If the pull fails — network outage, token error, merge conflict — the session starts with whatever local state exists. The agent works against a slightly stale codebase rather than not starting at all.

If the push fails, the commit message includes context for the next session:

log.warn({ err, userId },
  "Sync push failed — next session will retry");

The next syncPull auto-commits any local changes before pulling, so work that accumulated between sessions — whether or not the previous push succeeded — is preserved.

Why merge instead of rebase

The pull uses --no-rebase:

execFileSync("git", [
  "-c", `credential.helper=!${helperPath}`,
  "pull", "--no-rebase", "--autostash",
], { cwd: workspacePath, stdio: "pipe", timeout: 60_000 });

Shallow clones (--depth 1) lack sufficient history for rebase operations. A rebase against a shallow clone can fail unpredictably when the common ancestor is not in the local history. Merge is the safe default — it produces a merge commit but never fails due to missing history.

The --autostash flag handles the case where the agent has uncommitted changes that the auto-commit missed (e.g., files matching .gitignore patterns that were later un-ignored).

The Full Lifecycle

Putting it together, the credential lifecycle for a single agent session:

  1. Session start: Server calls syncPull(userId, workspacePath)
  2. syncPull fetches the user's github_installation_id from the database
  3. generateInstallationToken signs a JWT with the App's private key, exchanges it for an installation token, caches the result
  4. writeCredentialHelper writes the token to a randomized /tmp path
  5. Git pulls using the credential helper, merging remote changes
  6. cleanupCredentialHelper deletes the helper script
  7. Agent session runs — all git operations within the session use the workspace's existing git config (no credentials needed for local operations)
  8. Session end: Server calls syncPush(userId, workspacePath)
  9. Steps 3-6 repeat for the push operation
  10. The installation token expires within the hour. The credential helper no longer exists on disk.

At no point does the agent sandbox contain a reusable credential. The token exists in a shell script for the duration of a git command — milliseconds to seconds. The shell script path is unpredictable. The token itself expires.

Q: Why not use GIT_ASKPASS instead of credential.helper?

GIT_ASKPASS works but requires setting an environment variable that persists for the duration of the process. The -c credential.helper=!<path> flag is scoped to a single git invocation. If the process spawns other git operations (e.g., the agent running git commands), they do not inherit the credential helper.

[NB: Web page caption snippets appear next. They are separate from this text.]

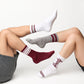 man and woman wearing 4 different maroon, white, and grey casual crew socks.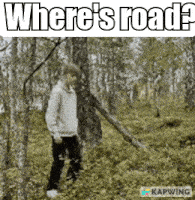 a man standing in a forest with the words where 's road written above him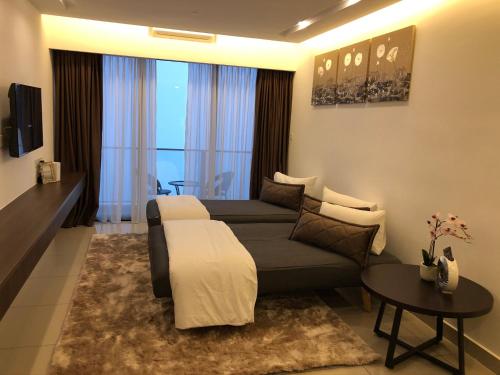 a living room with a couch and a table at Sky D'Mont Suites in Genting Highlands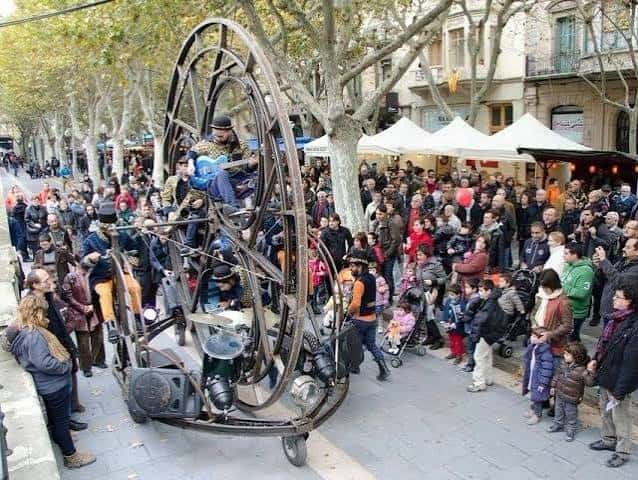 Espectáculo callejero con una gran estructura metálica en forma de rueda y un músico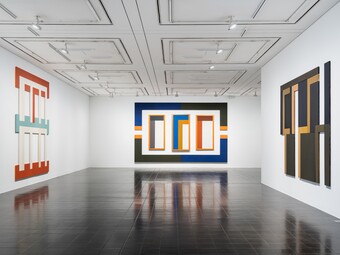 A modern art gallery featuring abstract paintings on white walls and a dark floor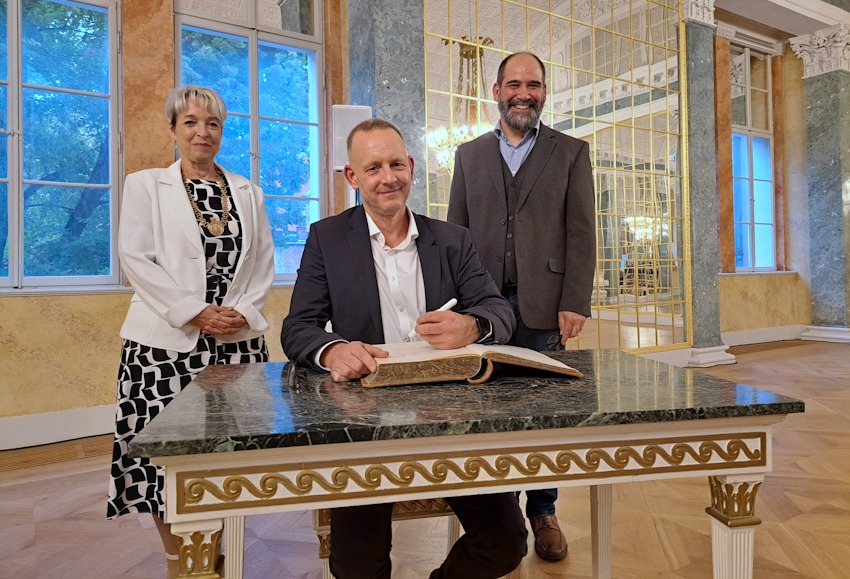 Foto: Christian Ratzel / Stadt Köthen (Anhalt). Stadtrat Matthias Rink (M.) trug sich unter den Augen von Köthens Oberbürgermeisterin Christina Buchheim für die Hansestadt Lüneburg im Köthener Schloss ins Goldene Buch der Stadt Köthen (Anhalt) ein. Rechts: Sven Lucht, stellvertretender Bürgermeister der Stadt Langenfeld, mit der Köthen ebenfalls eine Städtefreundschaft pflegt.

Q: What happens if the credential helper is not cleaned up?

The token in the helper expires after one hour regardless. The randomized filename means it cannot be targeted without directory listing access. But the finally block ensures cleanup in all normal and exceptional exit paths — the only scenario where cleanup fails is a hard process kill (SIGKILL), in which case the file persists until the next /tmp cleanup cycle.

Q: Why not use GitHub's built-in credential caching?

GitHub's credential.helper store and credential.helper cache persist credentials across git invocations — the opposite of what we want. The isolated helper pattern ensures credentials exist only for the duration of one operation.

Q: Does the shallow clone limit what agents can do?

Shallow clones (--depth 1) lack full git history. Agents cannot run git log with history beyond the latest commit, git blame across old revisions, or rebase against distant ancestors. For the intended use case — reading and modifying current project state — shallow clones are sufficient. The trade-off is clone speed (seconds vs. minutes for large repositories) against history depth.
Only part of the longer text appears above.